Pulsar Twitches Perplex Astronomers

New X-ray and radio observations detected a strange switcheroo in the radiation from a pulsar.

pulsar with beam
Artist's impression of a pulsar in "radio bright" mode, when the radio emission (blue beam) is high. As the pulsar spins (spin axis is vertical), the beam whips around in and out of sight, like a stellar lighthouse.
ESA / ATG medialab
Pulsars are like zombie stars. They’re stellar corpses called neutron stars, left over from massive stars’ explosive deaths. But like zombies, pulsars have a second life in them: instead of decaying quietly, these highly magnetized objects send beams into space that radiate away the energy of their whirligig spins. They’re like lighthouses on steroids — well, undead lighthouses on steroids.

A new paper in the January 25th Science reports new observations that suggest pulsars might be ever weirder than astronomers thought. I know it’s hard to imagine something weirder than a zombie lighthouse, but X-ray and radio observations of a pulsar with a penchant for radio hiccups show that, contrary to expectation, the pulsar’s X-ray emission switches on and off, just like the radio emission — except that it does it in reverse: when the radio emission is “bright” the X-rays are not, and vice versa.

The ESA put out a really thorough press release on the result, which I recommend reading. As the release explains, the new observations raise questions about how these emissions are created and, more importantly, linked. It looks like big, fast upheavals happen in the pulsar’s magnetic bubble. But as Wim Hermsen (Netherlands Institute for Space Research and University of Amsterdam, the Netherlands) and his colleagues say in their paper, the whole thing is a big mystery.

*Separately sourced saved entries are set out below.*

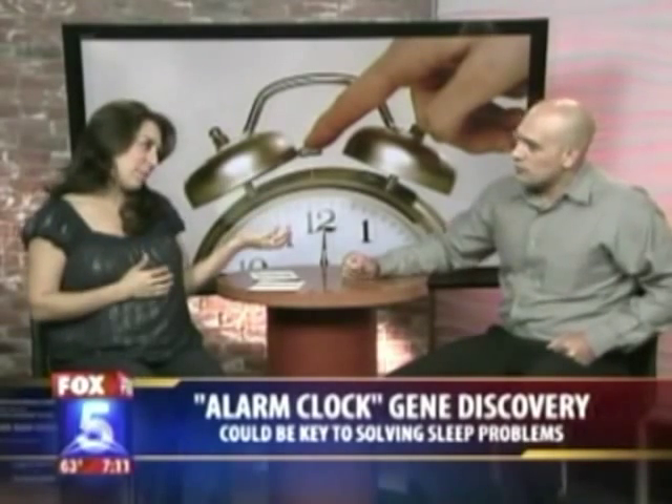It turns on the DNA of those genes and that's how your cell is able to interpret that as time. So we have a protein that wakes us up — what does this mean now for people that either have sleeping problems or don't?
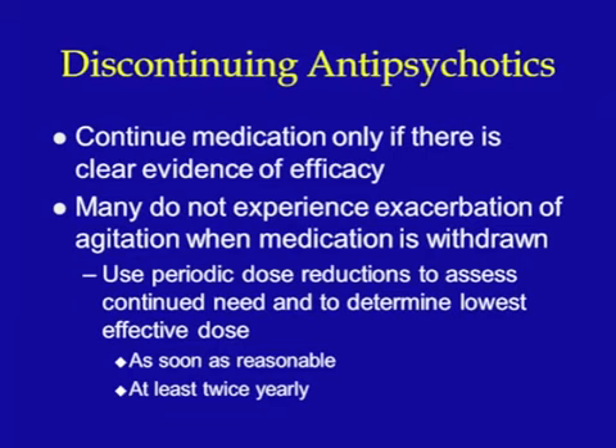If effectiveness is questionable, a decision to discontinue the antipsychotic is perfectly reasonable. Many patients do not experience exacerbation of agitation or psychosis when the medication is withdrawn, and this can be managed with non-drug approaches. It is important to continue monitoring for target behaviors during the period of dose reduction or discontinuation, as this monitoring will be helpful in determining if a resumption of the antipsychotic is needed. Thank you for participating in our educational program on management of problem behaviors and psychosis in dementia. Our team hopes that our information and clinical tools can help you provide the best possible care for people with dementia. Please browse the website for more resources and information.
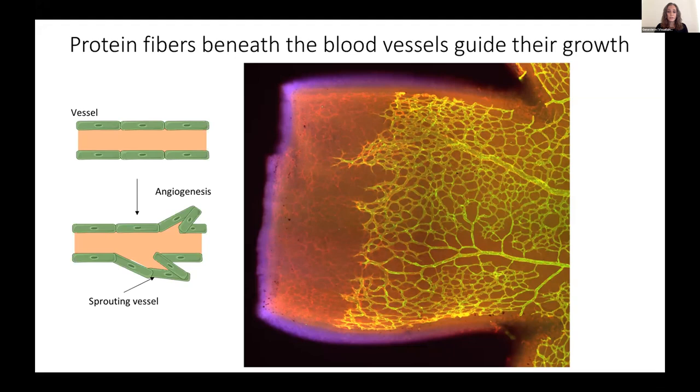What we're doing in the lab is studying these interactions and how this underlying network of matrix fibers regulates and maintains the proper growth and organization of this vessel network. We're hoping to identify new proteins that may exist in this matrix of protein fibers that might participate in this process. We hope that in the future, studying the normal formation of blood vessels might offer clues as to what spurs the formation of blood vessels in a tumor, and this may offer a new avenue for therapeutic intervention in cancer.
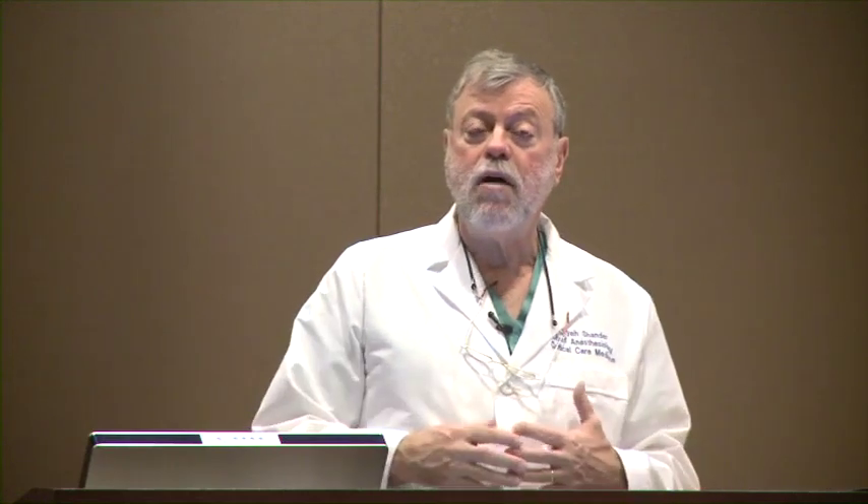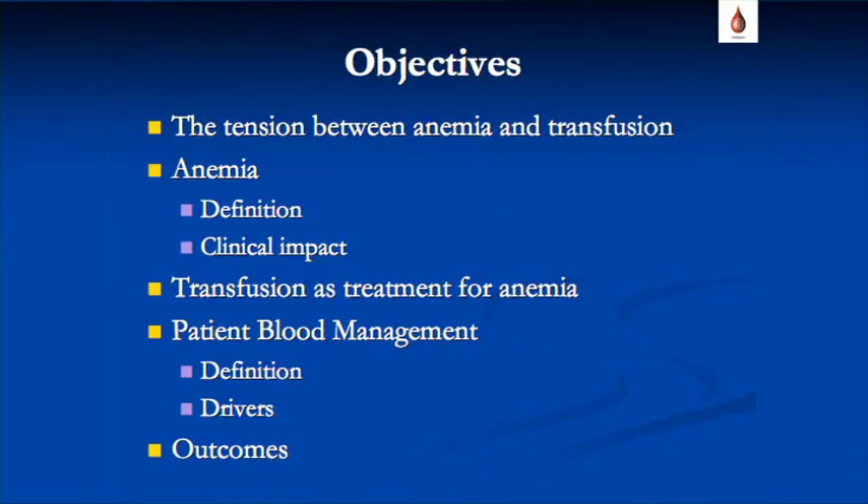Everything revolves around the product in terms of safety and availability — that's how we've viewed this for years in health care. Patient blood management, by contrast, focuses on the recipient: how patients can manage without product-centered blood management and yet do well with improved outcomes. We'll address the tension between anemia and transfusion, the definition and clinical impact of anemia, and then move to the five drivers for a paradigm shift from product to patient.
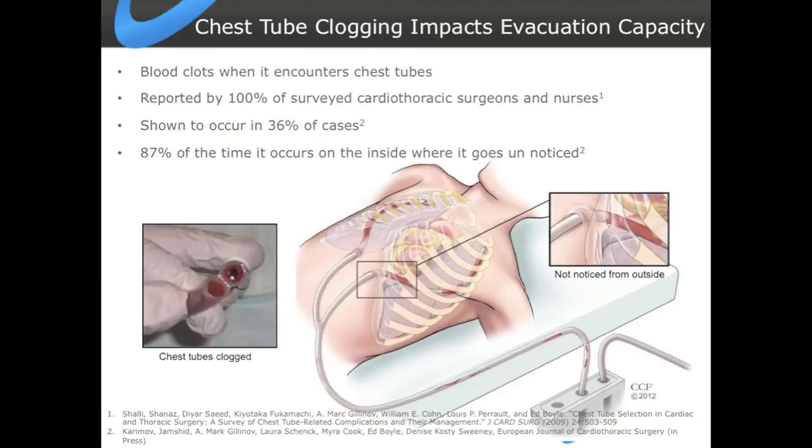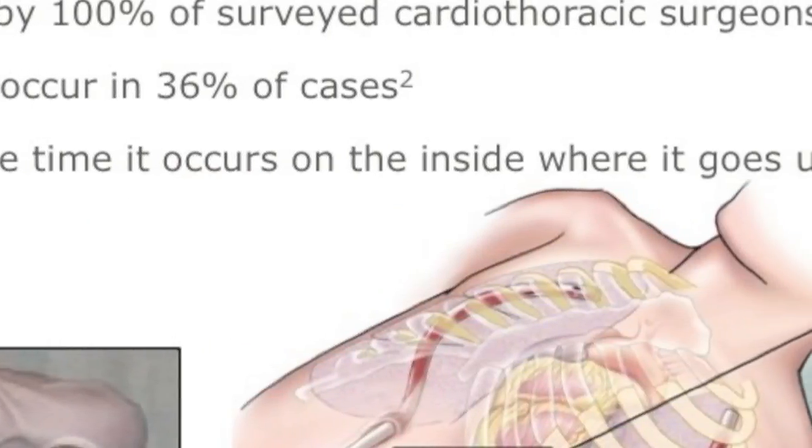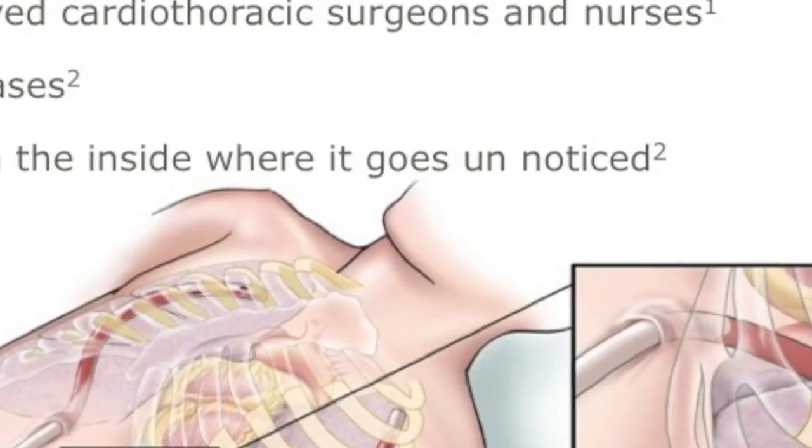One of the most critical factors in whether you end up with reduced evacuation capacity is whether the chest tubes clog up. This is something almost all heart surgeons and nurses are aware of. A study done at the Cleveland Clinic by Dr. Gilnoff's group showed this in at least 36% of their patients — and these were elective, first-case-of-the-day patients, not the more complex ones. Interestingly, about 80% of the time the clogging was on the inside of the tube where it couldn't be seen from the outside.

Baffling pulsar leaves astronomers in the dark

New observations of a highly variable pulsar using ESA's XMM-Newton are perplexing astronomers. Monitoring this pulsar simultaneously in X-rays and radio waves, astronomers have revealed that this source, whose radio emission is known to 'switch on and off' periodically, exhibits the same behaviour, but in reverse, when observed at X-ray wavelengths. It is the first time that a switching X-ray emission has been detected from a pulsar, and the properties of this emission are unexpectedly puzzling. As no current model is able to explain this switching behaviour, which occurs within only a few seconds, these observations have reopened the debate about the physical mechanisms powering the emission from pulsars. . . . Read the full press release.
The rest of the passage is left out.